I always found a way to justify it, "well if he would just LISTEN to me then I wouldn't get angry", I managed to convince myself that I was really the victim... he 'ignored' me and I was really the hurt party, why didn't he pay enough attention to the things I said? Why did he have to make me angry?

Every so often he would fight back, but mostly it was just me wailing on him until he escaped or I calmed down.

There were a few times I threatened him with a knife... I didn't mean it, I was just being a bully, but he did not know that and the look of genuine fear in his eyes will haunt me forever.

It's a horrible double standard... the few times he ever struck me at all were completely out of self defence and were not intended to cause harm, merely to put distance between us so that he could protect himself. Yet I know, had I called the police, he would have been charged.

Owning up to this kind of thing is not… easy. It was very difficult for me to realise this in and of myself and in all honesty I think I realised how wrong it was before he did, because more than just physically harming him... I had managed to convince him it was all his fault.

If he ever tried to leave I would threaten to harm myself and he would be too afraid, he cares about me and would not want to see me hurt.

I am prone to introspection and self reflection and yet it took me years to realise that I had become a monster, because I didn't want to admit it to myself, I didn't want to admit it to anyone.

I did admit it to myself and then I admitted it to him, out loud.
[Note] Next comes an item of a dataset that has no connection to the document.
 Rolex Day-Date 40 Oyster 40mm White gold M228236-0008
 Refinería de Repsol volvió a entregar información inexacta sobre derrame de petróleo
I apologised and although the words felt... pathetic to me, how can you say 'sorry' for years of abuse... my husband genuinely appreciated them.
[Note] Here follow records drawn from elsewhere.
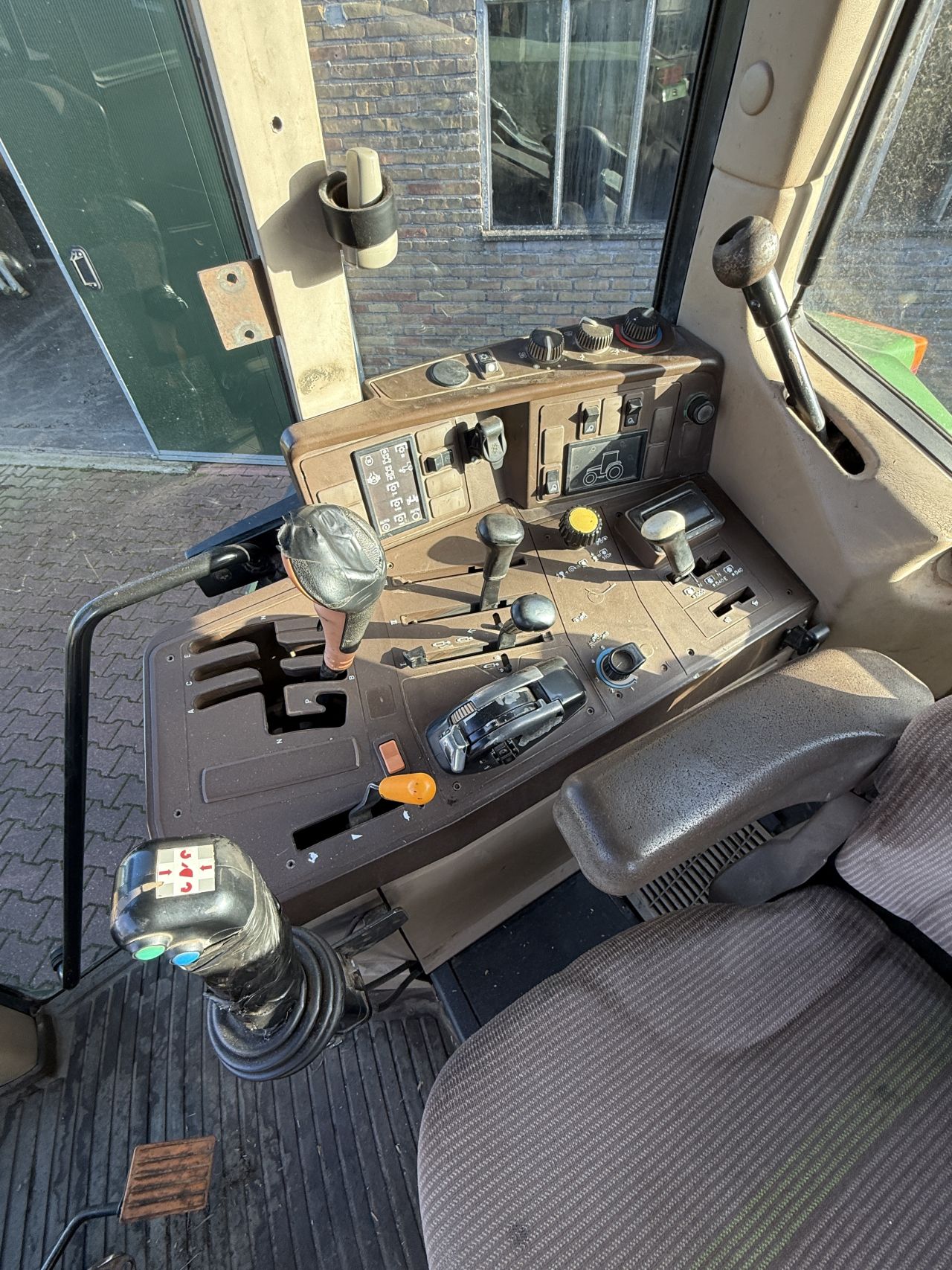 John Deere 6810 met voorlader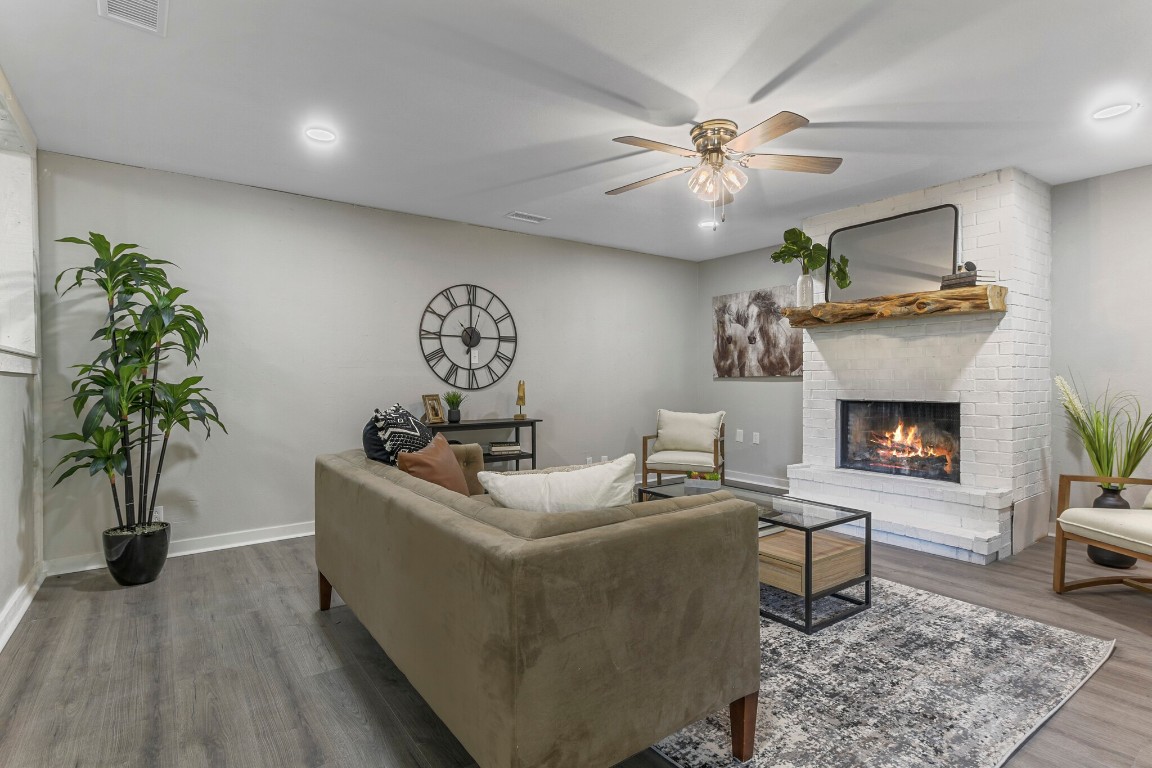 212 W 5th Street Weatherford TX 76086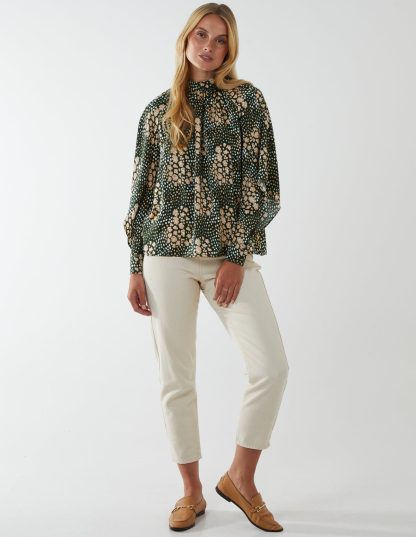 Raglan Cut Out Sleeve Volume Top - S / GREEN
We are still together and I have not hit him since. We still argue sometimes, as people do. But I almost never yell, I never hurl insults and I never throw punches. Once I admitted it and apologised for it and genuinely realised what I had become… I knew I had to change and never go back.
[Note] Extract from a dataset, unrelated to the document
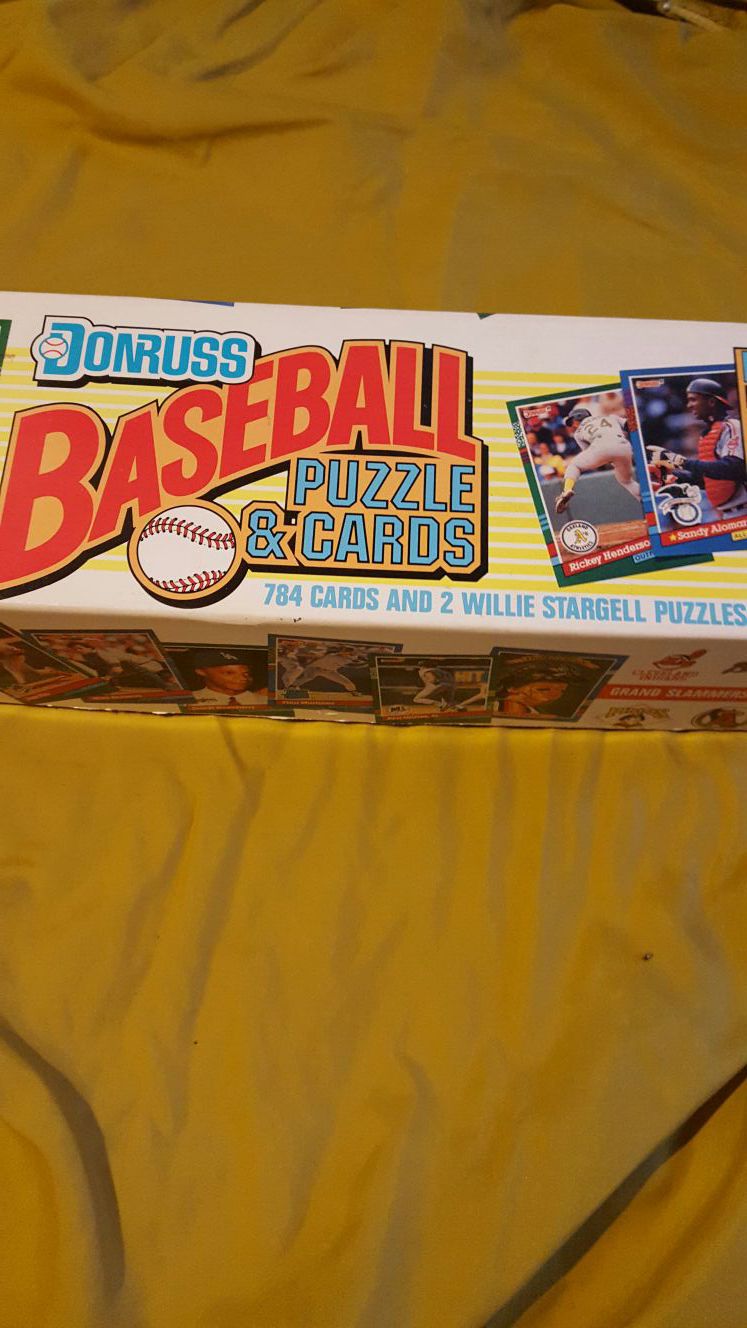 Donruss, baseball cards and puzzles. Happy dealership 1991. Complete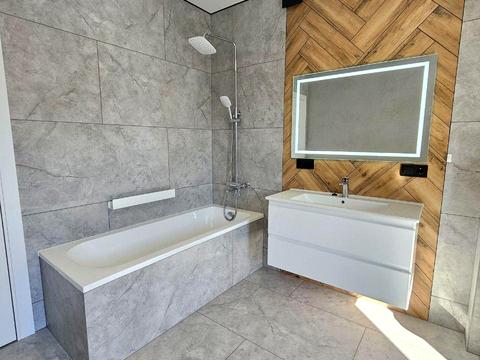 будинок за адресою Місячна вул.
I am a strong believer in equality for men and women of all races and sexual preferences and the stories I have read on this site just break my heart and I am not afraid to admit that they bring me to tears, because their stories are so raw and also because I contributed to the abuse.

As I said, maybe my story isn't appropriate but I felt compelled to admit it in a possibly public way because most women I meet seem to think slapping a man is somehow… empowering, as though the women who fought for us would be proud of them getting sassy and slapping a man. I have met women who outright and out-loud believe that a woman hitting a man is OK and a man hitting a woman is wrong.

I believe that all violence is wrong and should my story of shame give a violent woman hesitation or a beaten man a shred of realisation then that is one step further for me and for them.

Saturday
Jan112014

Anonymous

My wife and I have been married for seven years now and we have a four year old son from this marriage. Over the last seven years we have had our share of disagreements and conflicts. We have been able to either come to a resolution over a period of time to suit both parties or one of us agrees to accommodate the others decision.

Something has changed in the last two conflicts where I have been physically assaulted ( slapped once and more recently punched several times and slapped). I am afraid to report this to any authority for the fear of ridicule and becoming a social outcast. I don't want to lose my son and want to give him a happy family to grow up in. The thought of not being able to see him everyday is depressing.

After seeing this site and reading through most of the stories, my fears are only confirmed, that no one is going to believe me and/or I will be ridiculed by my family friends and even the authorities.

I have been a providing partner in every way for the last seven years. I am the only bread winner in the family, my wife is not working and sometime the feeling of sympathy makes it very blurry to make a decision that feels right. I don't want to be the person who breaks this family up. The guilt will be very hard to live with.